SQL Server Data Compression: It’s a Party!

Last Updated 13 years ago

When I was in high school, Dad and I lived with his mom, my Grandma Ozar, for a couple of years. We took care of things around the house and made sure her coffee pot was always full. She could really down that coffee – at least two pots a day. (Looking back, if we could have reduced her caffeine consumption, she probably wouldn’t have needed so much Valium.)

Grandma and some friends took a road trip to Las Vegas, and while they were gone, I threw an epic party. We’re talking 30 gallon garbage cans filled with homemade Jungle Juice. (I’m one of those reasons she couldn’t completely eliminate the Valium.) A couple hundred of my closest friends had a good old time.

A couple of my less-than-closest friends had a little too good of a time at my expense and started trashing the house. They walked up the staircase smashing the picture frames of every family photo, then started to throw a couch off the second floor balcony. My security guys (I’m telling you, it was that good of a party) carried them out before they got too carried away.

Cleaning Up After The Party

The next morning, the very-closest-friends did a fantastic job of getting things back to normal. We replaced all the picture frame glass, got the dirt out of the sofa, vacuumed the place top to bottom, and finished the Jungle Juice. I thought we’d hidden all our tracks, but we got busted by the tiniest of clues.

Someone had left beer bottle caps on top of door jambs all around the house.

Amazing! Who thinks of this stuff? You know they did it on purpose, too – they were just itching to get me into trouble. One beer cap on one door jamb, I could understand, but all over the house? Damn.

I was disinherited for that particular shindig.

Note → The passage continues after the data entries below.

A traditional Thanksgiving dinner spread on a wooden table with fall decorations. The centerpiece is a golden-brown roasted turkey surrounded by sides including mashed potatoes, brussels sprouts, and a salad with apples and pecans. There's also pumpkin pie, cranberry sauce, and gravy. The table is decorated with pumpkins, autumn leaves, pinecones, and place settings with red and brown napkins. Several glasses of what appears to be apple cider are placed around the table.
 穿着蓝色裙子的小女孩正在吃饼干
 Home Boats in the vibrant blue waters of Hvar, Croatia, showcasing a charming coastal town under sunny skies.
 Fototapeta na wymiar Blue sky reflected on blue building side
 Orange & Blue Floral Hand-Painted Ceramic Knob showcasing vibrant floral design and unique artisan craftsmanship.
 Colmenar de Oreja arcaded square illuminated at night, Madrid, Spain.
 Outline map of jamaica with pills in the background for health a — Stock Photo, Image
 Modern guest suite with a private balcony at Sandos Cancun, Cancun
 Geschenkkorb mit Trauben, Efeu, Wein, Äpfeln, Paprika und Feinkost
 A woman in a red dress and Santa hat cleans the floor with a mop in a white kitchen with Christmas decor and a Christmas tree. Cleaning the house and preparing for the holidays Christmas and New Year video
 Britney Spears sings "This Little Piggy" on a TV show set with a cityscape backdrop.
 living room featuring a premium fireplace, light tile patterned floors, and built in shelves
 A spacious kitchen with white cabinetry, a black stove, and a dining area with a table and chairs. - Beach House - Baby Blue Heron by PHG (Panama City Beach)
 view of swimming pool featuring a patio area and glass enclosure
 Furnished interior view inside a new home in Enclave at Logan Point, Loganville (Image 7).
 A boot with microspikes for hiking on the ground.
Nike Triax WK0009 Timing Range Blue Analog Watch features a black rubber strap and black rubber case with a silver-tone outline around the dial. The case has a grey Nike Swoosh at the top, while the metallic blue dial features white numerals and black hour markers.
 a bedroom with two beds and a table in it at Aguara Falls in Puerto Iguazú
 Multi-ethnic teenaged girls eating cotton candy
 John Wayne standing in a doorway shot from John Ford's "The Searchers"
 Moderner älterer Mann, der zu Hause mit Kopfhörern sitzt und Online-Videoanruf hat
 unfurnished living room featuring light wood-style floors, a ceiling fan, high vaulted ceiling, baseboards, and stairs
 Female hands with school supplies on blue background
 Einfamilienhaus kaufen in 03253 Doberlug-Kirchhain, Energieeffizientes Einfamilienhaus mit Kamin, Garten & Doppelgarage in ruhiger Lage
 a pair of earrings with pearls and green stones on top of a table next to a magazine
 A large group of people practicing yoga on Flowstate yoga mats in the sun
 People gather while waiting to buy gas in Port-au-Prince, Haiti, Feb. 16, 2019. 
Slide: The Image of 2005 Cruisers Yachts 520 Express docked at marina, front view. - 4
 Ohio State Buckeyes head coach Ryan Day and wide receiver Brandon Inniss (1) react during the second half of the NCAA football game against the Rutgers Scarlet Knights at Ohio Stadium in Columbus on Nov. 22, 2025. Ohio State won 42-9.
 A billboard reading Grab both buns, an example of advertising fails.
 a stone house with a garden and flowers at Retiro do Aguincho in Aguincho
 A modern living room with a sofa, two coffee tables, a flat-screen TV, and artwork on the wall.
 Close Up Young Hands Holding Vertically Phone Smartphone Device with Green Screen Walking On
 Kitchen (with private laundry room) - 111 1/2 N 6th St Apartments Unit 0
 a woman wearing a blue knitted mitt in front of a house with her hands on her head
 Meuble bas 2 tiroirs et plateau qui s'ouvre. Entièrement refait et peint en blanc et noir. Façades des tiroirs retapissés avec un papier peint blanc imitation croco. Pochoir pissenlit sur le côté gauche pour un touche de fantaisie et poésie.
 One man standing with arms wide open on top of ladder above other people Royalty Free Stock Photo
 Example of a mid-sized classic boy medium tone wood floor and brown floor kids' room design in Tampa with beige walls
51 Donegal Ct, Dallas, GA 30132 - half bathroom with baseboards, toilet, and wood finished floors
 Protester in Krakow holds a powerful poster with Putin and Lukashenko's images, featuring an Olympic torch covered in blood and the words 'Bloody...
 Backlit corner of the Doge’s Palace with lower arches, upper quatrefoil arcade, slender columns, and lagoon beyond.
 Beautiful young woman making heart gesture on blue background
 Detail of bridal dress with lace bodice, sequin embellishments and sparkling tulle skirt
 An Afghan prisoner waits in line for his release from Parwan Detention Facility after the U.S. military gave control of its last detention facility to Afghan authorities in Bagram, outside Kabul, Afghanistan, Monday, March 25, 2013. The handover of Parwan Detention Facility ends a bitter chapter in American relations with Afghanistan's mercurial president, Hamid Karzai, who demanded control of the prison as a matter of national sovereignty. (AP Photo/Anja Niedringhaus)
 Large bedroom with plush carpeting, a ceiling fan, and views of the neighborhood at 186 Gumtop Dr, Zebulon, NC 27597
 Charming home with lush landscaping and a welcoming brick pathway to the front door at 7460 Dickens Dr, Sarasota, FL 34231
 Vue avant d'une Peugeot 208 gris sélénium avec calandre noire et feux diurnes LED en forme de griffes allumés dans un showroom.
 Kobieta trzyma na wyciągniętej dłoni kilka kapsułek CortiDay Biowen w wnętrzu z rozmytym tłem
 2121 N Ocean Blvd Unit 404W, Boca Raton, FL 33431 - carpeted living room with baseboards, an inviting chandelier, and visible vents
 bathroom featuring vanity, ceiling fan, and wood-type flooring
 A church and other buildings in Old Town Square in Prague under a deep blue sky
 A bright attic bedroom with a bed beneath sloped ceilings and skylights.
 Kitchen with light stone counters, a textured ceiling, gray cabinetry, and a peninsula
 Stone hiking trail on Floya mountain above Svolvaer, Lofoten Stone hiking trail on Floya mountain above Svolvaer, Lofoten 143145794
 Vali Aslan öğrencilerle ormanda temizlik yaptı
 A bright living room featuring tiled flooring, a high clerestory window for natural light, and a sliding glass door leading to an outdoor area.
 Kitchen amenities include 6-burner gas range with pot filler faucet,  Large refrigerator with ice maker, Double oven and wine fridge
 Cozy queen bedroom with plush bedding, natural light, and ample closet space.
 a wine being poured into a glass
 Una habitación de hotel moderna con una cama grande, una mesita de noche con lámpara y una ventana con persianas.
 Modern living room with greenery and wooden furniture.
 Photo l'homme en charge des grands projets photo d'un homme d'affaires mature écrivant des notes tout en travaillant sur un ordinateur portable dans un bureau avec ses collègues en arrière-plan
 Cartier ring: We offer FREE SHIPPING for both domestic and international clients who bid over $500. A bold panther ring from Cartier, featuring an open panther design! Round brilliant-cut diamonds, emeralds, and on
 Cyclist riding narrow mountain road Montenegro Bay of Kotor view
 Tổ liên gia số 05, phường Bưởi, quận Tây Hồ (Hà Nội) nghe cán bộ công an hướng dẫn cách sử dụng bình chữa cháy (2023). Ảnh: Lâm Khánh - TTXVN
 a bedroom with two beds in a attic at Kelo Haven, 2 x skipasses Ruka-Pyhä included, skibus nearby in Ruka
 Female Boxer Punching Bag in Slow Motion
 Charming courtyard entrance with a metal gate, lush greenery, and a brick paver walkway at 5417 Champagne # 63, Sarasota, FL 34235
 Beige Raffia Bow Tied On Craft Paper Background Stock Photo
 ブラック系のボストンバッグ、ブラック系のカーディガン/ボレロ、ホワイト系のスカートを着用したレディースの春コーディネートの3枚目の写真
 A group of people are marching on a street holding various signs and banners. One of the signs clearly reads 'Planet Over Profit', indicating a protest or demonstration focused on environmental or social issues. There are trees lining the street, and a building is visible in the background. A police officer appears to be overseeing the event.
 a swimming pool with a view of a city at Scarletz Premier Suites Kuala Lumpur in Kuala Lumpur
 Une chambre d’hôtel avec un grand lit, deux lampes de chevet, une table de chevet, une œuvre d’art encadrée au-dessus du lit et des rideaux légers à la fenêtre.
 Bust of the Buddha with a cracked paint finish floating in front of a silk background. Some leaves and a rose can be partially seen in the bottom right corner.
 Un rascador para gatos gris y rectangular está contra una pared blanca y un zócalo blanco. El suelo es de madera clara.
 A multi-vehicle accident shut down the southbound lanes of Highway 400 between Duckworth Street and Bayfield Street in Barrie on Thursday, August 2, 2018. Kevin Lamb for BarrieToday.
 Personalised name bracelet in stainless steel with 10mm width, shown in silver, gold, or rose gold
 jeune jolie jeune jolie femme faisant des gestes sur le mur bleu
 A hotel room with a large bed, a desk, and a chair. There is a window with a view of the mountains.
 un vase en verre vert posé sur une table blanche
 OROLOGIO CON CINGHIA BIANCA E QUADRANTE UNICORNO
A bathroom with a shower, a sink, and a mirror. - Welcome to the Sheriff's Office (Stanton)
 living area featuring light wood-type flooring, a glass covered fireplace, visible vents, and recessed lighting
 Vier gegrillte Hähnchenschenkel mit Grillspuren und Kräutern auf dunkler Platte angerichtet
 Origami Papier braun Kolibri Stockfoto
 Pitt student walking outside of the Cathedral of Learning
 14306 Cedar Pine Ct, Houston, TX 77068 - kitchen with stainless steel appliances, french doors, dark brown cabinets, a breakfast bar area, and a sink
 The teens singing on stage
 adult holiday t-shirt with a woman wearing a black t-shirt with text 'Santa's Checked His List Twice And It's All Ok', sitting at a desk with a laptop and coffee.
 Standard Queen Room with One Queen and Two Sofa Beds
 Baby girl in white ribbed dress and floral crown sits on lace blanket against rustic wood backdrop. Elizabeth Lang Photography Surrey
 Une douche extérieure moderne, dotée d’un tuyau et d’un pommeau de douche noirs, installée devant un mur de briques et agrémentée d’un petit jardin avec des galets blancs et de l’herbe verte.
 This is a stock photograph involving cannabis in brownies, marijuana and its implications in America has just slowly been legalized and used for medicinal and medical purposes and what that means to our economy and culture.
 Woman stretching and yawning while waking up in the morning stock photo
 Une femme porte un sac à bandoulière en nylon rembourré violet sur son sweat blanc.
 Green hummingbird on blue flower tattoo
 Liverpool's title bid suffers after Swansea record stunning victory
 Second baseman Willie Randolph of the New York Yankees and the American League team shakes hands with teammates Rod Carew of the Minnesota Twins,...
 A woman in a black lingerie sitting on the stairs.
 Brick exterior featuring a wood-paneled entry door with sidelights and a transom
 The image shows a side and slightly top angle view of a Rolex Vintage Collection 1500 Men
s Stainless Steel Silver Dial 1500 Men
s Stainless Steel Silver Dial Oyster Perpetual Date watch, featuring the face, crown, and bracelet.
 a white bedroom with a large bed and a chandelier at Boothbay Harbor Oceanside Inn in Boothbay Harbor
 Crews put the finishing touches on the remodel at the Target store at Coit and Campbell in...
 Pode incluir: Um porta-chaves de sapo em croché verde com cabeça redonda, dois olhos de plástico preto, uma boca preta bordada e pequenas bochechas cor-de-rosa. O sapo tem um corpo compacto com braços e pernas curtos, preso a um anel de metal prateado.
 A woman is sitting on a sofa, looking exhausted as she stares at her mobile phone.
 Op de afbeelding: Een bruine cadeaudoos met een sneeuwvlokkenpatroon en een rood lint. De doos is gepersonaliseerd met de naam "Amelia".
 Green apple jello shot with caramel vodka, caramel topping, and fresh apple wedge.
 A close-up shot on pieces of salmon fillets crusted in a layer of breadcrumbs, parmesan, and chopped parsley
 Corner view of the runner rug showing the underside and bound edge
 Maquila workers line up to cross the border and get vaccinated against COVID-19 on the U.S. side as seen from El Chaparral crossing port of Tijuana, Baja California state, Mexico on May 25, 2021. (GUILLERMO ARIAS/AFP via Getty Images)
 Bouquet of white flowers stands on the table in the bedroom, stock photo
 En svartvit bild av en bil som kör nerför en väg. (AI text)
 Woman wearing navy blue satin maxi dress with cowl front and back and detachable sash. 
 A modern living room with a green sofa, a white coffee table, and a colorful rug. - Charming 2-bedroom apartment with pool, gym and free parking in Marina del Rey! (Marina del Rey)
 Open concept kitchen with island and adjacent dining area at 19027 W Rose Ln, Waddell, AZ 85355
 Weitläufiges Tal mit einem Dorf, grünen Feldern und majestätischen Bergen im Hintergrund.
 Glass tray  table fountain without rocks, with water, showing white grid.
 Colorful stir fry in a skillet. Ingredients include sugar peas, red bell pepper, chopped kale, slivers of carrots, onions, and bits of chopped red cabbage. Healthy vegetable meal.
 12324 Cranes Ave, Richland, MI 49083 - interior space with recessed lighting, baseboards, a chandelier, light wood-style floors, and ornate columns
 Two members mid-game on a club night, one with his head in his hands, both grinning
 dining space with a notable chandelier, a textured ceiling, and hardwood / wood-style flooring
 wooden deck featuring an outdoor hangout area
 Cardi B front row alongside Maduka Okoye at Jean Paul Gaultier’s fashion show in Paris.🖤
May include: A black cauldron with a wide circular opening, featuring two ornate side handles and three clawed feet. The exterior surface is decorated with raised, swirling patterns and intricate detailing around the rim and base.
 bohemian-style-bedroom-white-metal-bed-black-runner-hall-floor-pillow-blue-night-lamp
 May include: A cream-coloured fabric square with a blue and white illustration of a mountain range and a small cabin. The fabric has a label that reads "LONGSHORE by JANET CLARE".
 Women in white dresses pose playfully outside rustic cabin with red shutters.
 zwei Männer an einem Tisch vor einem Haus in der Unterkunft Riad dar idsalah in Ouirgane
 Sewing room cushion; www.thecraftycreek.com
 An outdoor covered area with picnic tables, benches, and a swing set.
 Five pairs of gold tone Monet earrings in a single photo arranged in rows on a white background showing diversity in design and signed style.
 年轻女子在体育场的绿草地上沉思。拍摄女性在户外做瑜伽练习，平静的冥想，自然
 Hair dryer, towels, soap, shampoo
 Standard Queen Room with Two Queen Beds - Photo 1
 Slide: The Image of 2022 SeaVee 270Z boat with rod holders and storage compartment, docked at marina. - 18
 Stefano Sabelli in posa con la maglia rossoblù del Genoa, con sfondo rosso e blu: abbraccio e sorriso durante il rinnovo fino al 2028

I learned a valuable lesson: if you’re not absolutely sure you can clean up every trace of everybody else’s messes, you shouldn’t throw parties. Sooner or later, somebody you can’t trust is going to show up at your party, and they’re going to do something that’ll get you in trouble. Come to think of it, it’s just like being a DBA.

SQL Server 2008 Data Compression: No Inheritance Either

Microsoft SQL Server 2008’s Data Compression feature lets you compress objects – not just tables, but individual indexes. This compression does incur a little extra CPU power to handle the compression, but that extra overhead is more than offset by increased IO performance. Generally speaking, the database server is sitting around waiting on disk subsystems. Adding a little CPU work while dramatically reducing IO needs results in faster query return times. You need to test compression to see if it works well in your environment, because it may not work well in heavy-insert databases.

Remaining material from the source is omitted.